The real outcomes of school visits by anyone, will never be known by those that arrange them. Quite often the penny drops many years later when the students have moved on.
I remember school visits from a deep sea diver, a weapons expert, the Royal Navy search and rescue and a glass harmonica expert in particular. All of them have contributed inspiration for my stories and all of them showed me what I didn’t want to be!
In finding your true purpose in life, you have to try on a variety of personas to see if they fit. That’s what growing up is all about. Along the way we discard lifestyles and vocations that don’t fit us, but in casting them off we find ourselves one step closer to finding what it is that suits us best for this life.
So you could say that the measurable outcome of an author’s visit is to make it clear to mathematicians that they are not going to be writers of fiction. That is as important as inspiring the writers in the audience to see the possibility of a future for them.
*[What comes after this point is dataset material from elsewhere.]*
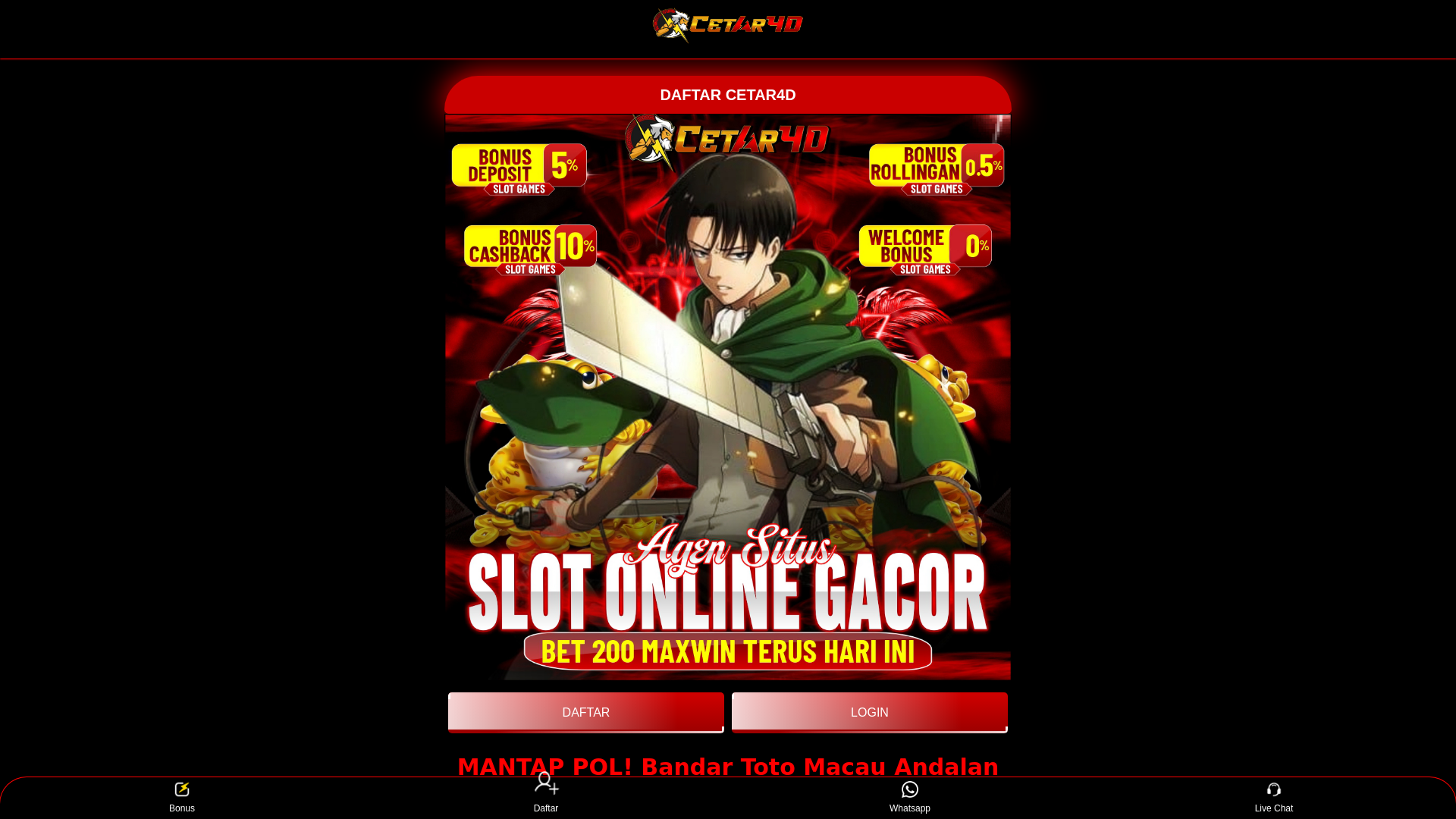 website screenshot of https://amp-codezilla.pages.dev/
These things are not measurable and never will be. The true value of education, the stuff that really helps children grow up to be useful and happy adults is never checked or measured. It comes from the hours spent learning hierarchy in the playground, the quiet words of advice after class, those odd moments of connection between teacher and pupil.
The measurable stuff is the white fluffy bread that fills up the day of the school sandwich. Spread thinly in between is the home made jam that can’t be measured – but it is the best part of education.
What do you think?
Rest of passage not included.